Fluency of students in English language has always been of concern to schools in rural areas. According to Suresh Kurhade, education officer (primary) for Pune Zilla Parishad, which runs schools in rural and the remotest parts of the district, the problem is bigger for schools in his area — primary teachers, almost all of them from rural backgrounds, struggle with English due to lack of proper training and opportunities to speak the language at home or work.
The education department has now decided to tackle this issue head on by starting a pilot project to train teachers in English using the ‘phonics method’. Once teachers grasp the method, which uses the phonetic principles of the language to teach it, they will pass it on to students.

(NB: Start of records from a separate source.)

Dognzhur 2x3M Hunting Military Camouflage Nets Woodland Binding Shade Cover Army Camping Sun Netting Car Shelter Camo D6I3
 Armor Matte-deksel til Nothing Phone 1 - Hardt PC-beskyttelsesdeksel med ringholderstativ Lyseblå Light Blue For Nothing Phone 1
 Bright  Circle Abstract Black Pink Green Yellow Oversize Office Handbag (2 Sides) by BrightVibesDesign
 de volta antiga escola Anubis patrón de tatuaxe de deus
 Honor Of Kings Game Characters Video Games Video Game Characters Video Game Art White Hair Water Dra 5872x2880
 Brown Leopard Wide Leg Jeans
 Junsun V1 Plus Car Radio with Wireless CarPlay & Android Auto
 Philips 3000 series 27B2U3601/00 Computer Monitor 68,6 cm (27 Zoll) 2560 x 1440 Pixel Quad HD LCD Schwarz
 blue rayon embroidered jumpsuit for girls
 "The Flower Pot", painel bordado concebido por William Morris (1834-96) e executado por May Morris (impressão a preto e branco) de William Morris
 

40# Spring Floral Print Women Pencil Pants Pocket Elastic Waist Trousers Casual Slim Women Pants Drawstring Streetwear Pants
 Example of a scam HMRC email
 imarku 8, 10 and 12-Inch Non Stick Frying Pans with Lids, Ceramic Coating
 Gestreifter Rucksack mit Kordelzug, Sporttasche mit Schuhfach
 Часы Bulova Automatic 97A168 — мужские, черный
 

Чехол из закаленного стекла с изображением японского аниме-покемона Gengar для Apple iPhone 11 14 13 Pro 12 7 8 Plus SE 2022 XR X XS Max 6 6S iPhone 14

Based on a pre-test to set the baseline of the learning and final test — the results of which will come in November — to determine the results achieved, the success of the project will be judged.
Pune ZP’s education department has undertaken the project with the help of Brainstorm International, a Pune-based firm with expertise in phonics education, and a corporate firm that is funding the project.
“We are conducting a pilot project in 20 schools, part of the clusters in Shivne (Maval) and Nirgudsar (Ambegaon) villages. Based on the success of the project, we will expand it to other schools,” said Kurhade. Although the ZP run schools have started teaching English from Class I since 2000, the results have often been less than desired, he added. “The main issue is that primary teachers are not very highly educated. They do the teaching specialisation after Class XII. Also, those who take up the primary teacher job often come from rural backgrounds and have very little fluency in English. The fact that, like their students, they, too, have very little opportunities to use English at home or work, makes it difficult for them to get used to the spoken language and use it confidently. So, we have decided to train our teachers in the language using the phonics method,” said Kurhade.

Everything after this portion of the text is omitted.